I felt a bit like Maria in The Sound of Music.
Not the good all-singing, all-dancing Maria, the Maria that sews fairly dodgy play clothes made out of old curtains for her charges.
I was galloping through that job list that gets transported from one diary to the next every year, annually written down with best intentions but with that secret knowledge that it might never, ever happen.
But there I was, stuck at home along with the rest of the world and crossing off those little things like a trouper (and wondering why I never did them years earlier).
I'd gurneyed the paths, cleaned the windows, whitened the shower recess, touched up some paint and I was tackling the sewing pile. There is a piece of material there that I have wanted to make into a dress for about 15 years now.

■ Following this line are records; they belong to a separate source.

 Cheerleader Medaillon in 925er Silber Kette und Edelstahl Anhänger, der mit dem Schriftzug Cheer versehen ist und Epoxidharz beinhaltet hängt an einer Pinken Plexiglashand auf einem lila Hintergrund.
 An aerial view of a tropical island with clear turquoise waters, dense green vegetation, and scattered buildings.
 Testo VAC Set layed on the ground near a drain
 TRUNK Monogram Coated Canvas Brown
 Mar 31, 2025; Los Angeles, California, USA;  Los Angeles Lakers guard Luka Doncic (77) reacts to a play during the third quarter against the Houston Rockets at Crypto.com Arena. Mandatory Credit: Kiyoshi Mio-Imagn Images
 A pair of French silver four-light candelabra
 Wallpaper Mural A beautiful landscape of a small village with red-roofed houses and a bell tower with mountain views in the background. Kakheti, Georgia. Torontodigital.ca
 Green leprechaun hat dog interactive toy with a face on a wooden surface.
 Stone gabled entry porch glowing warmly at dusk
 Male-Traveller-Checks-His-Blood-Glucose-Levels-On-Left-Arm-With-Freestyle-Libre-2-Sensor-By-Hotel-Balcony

What has put me off is that I really like this material and I don't want to stuff it up. My vision for it is something that wafts, creating that arty looking garb that would fit in at art exhibition openings and the like.
It was this exotic vision that was both a stimulus and a hinderance, frightened as I was to ruin it with the final creation.
And so, it seemed wise to make a draft using some old calico curtain lining (and yes, this is where Maria comes in)
The material would also serve as the pattern for the dress, created as it was out of my imagination and a bit of help from various other outfits I have in my wardrobe.
I hummed The Hills are Alive as I cut, pinned and sewed. And suddenly there emerged the vision in calico that I so desperately imagined.
The calico fell just so with a wistful waftiness. The dress was slightly too big, but I figured I could fix that as I cut into the material of my dreams.
At the end of the furious creation and with a sense of joyful expectation, I tried this one on too. The material just didn't fall the way it should and perhaps I had forgotten to make it slightly smaller around the neck and arms. Hmm.
And so I tucked and I sewed and I re-imagined the outfit all over again. It remains in my wardrobe, yet to be worn. But the calico dress remains a firm favourite.